§ **YOUR GOAL**: Return the data below exactly, minus the pictures.

§ **STORED DATA**:
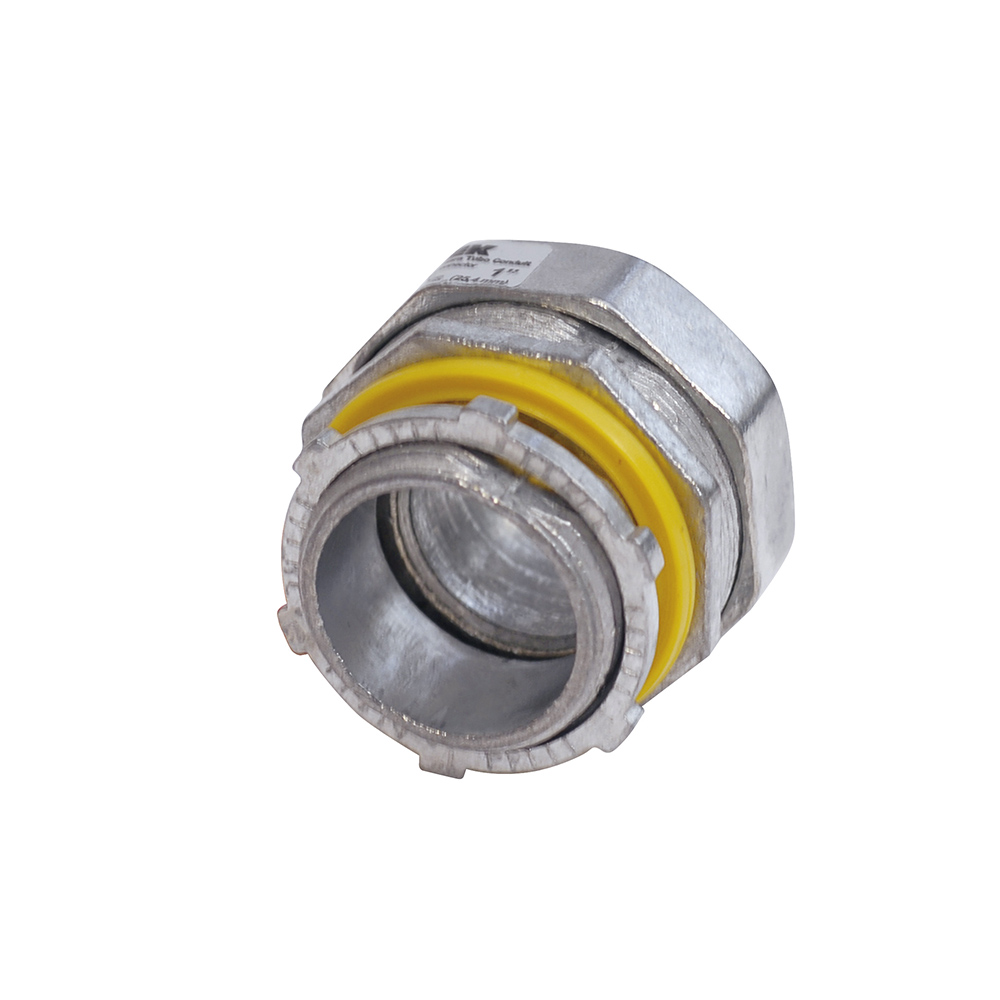 Conector recto para tubo liquid tight 3/4"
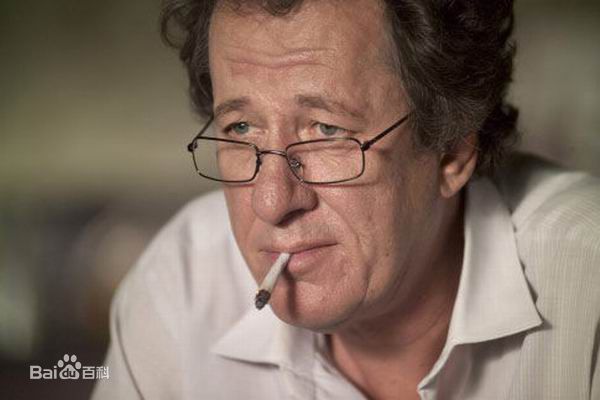 高清杰弗里·拉什(Geoffrey Rush)精彩图册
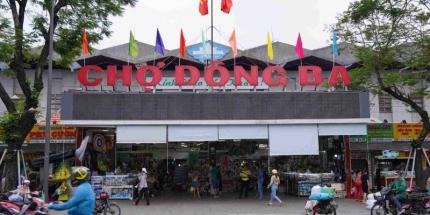 Chợ Đông Ba - Nét Đẹp Văn Hóa Truyền Thống Của Xứ Huế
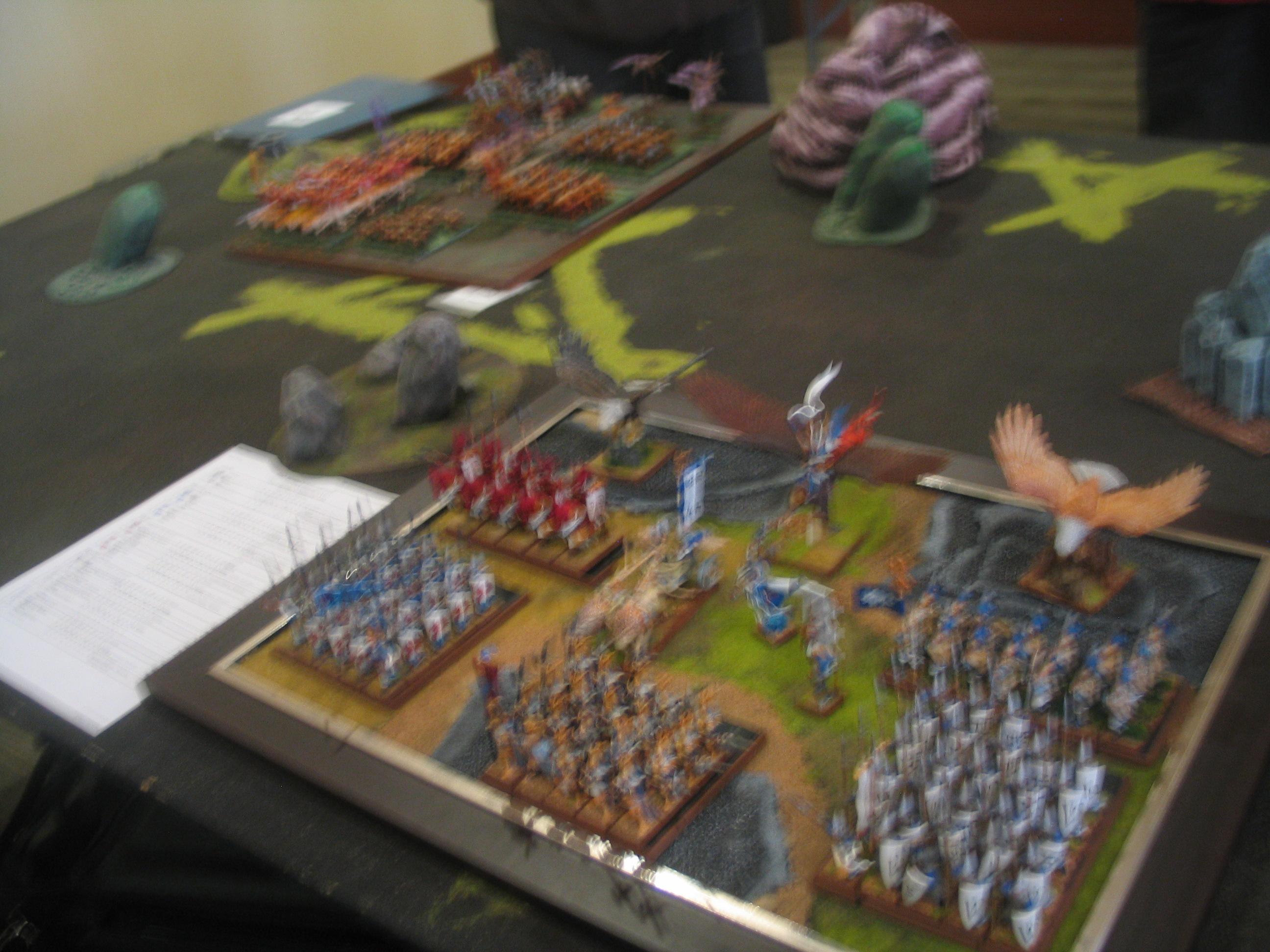 Colonial Gt 2011, Warhammer Fantasy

§ **TASK ANSWER**:
 Conector recto para tubo liquid tight 3/4"
 高清杰弗里·拉什(Geoffrey Rush)精彩图册
 Chợ Đông Ba - Nét Đẹp Văn Hóa Truyền Thống Của Xứ Huế
 Colonial Gt 2011, Warhammer Fantasy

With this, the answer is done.